Salvo as compreensíveis excepções (África e Médio Oriente), os professores lideram e os políticos surgem na cauda das preferências. O que tem isto de significativo? Em primeiro lugar, talvez seja de considerar que estas duas profissões pressupõem uma relação com a verdade antagónica. Se os professores estabelecem com a verdade uma relação de intimidade quotidiana, tendo como principal escopo da sua actividade preservá-la e transmiti-la, os políticos são-lhe avessos por natureza, preocupando-se fundamentalmente com o efeito retórico das suas opiniões e com o poder manipulador de uma mentira oportuna e cosmeticamente adornada.

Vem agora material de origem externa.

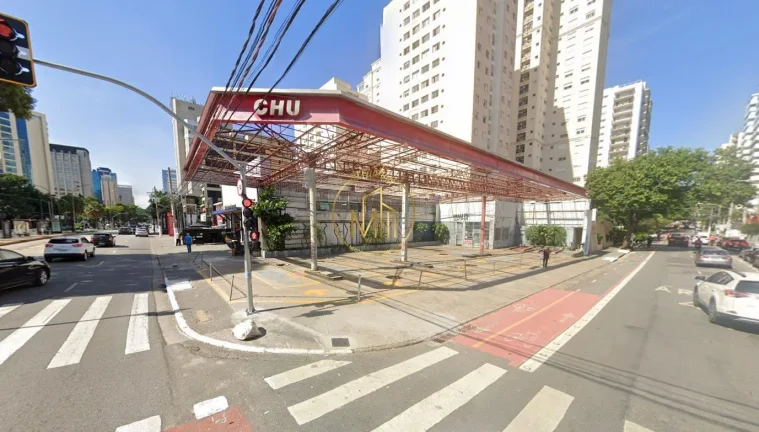Imagem Terreno para Venda em São Paulo, Moema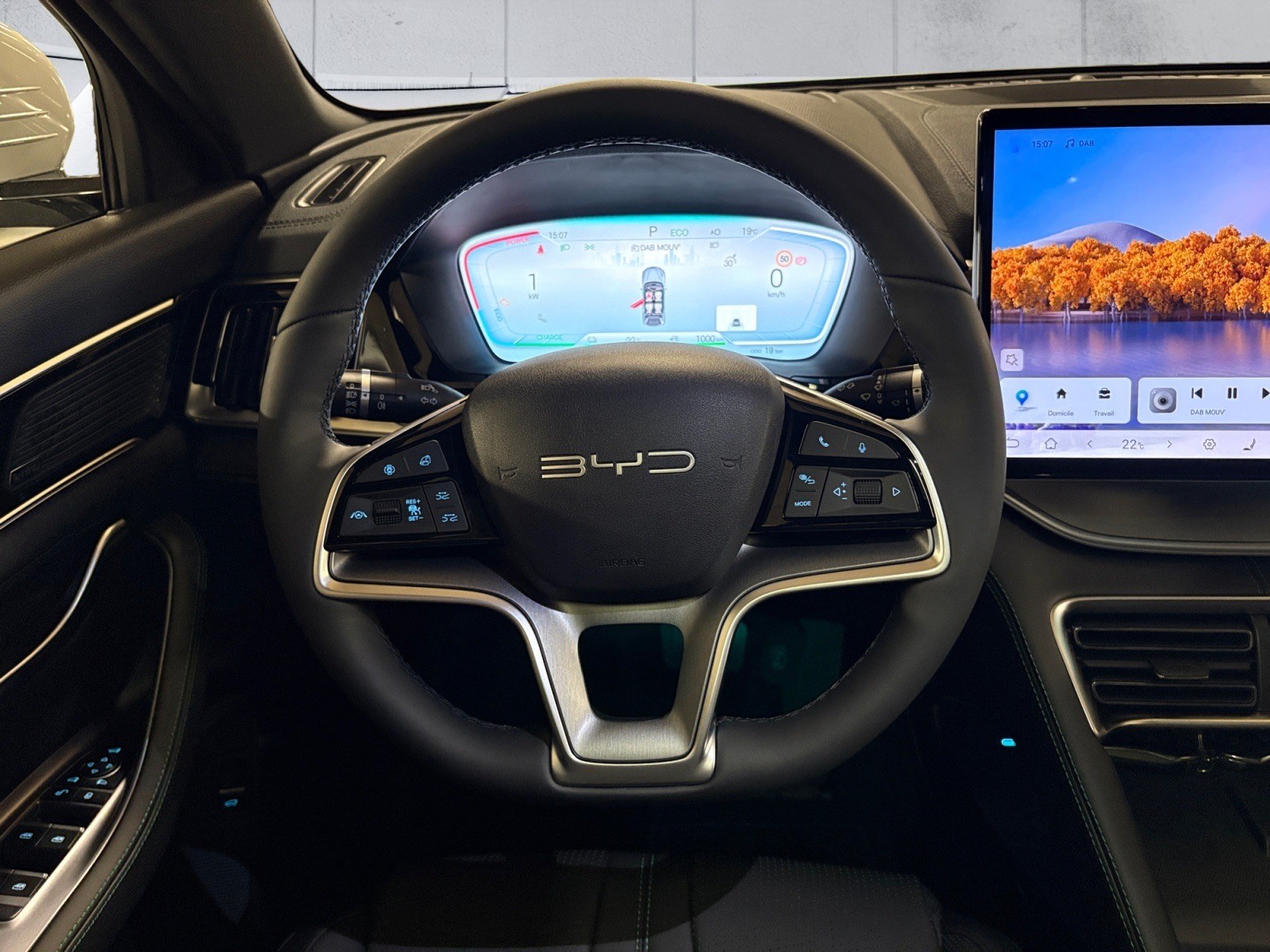 BYD Seal U DM-i Design AWD / #1 Elite Dealer – AutoScout24 Award 2025 Winner-image-9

Em segundo lugar, convém salientar que os professores mantêm um contacto próximo com uma camada da população (as crianças e os jovens) mais desprotegida e mais sensível à frontalidade e à sinceridade, ao passo que os políticos privilegiam um certo distanciamento com as populações, que nem a mediatização consegue disfarçar. Em terceiro lugar, esta mesma mediação dá mais visibilidade aos aspectos negativos do carácter dos políticos (corrupção, incoerências argumentativas e inconsistências práticas, etc.), mantendo os professores num limbo de invisibilidade mediática, que muito contribui para os salvaguardar do seu efeito corrosivo, em termos de opinião pública. Em quarto lugar, por norma, os professores raramente abraçam a vocação política, e quando o fazem é como se vendessem a sua alma – talvez uma leitura atenta de Max Weber, nomeadamente dos seus textos “A Política como Vocação” e “A Ciência como Vocação” nos revelasse as razões para o facto referido.

Segunda notícia:
Numa reunião entre os deputados do PS - que fazem parte da Comissão Parlamentar de Educação - e a equipa do Ministério liderado por Maria de Lurdes Rodrigues, teve como resultado algumas frases que revelam bem a consideração e o respeito que esta tem tido pelos professores, ao longo destes dois últimos anos. Em questão estava a análise de dois decretos-leis – o da avaliação dos docentes e o da gestão das escolas – que têm merecido o repúdio dos profissionais do ensino e a desconfiança, quanto à sua legalidade, das pessoas mais imunes à intoxicação da opinião pública que o ministério tem levado a cabo, na sua tentativa de denegrir a imagem dos professores. No calor do debate, os responsáveis do ministério terão acusado os deputados de pretenderem dar voz aos “professorzecos”. Único comentário – inqualificável.
Num mesmo dia, a confiança dos professores, manifestada em termos mundiais e corroborada pela voz dos portugueses, viu-se manchada e atirada à lama pelos membros da equipa da ministra Maria de Lurdes Rodrigues. É caso para perguntar: o que os faz correr? Não terão vergonha na cara?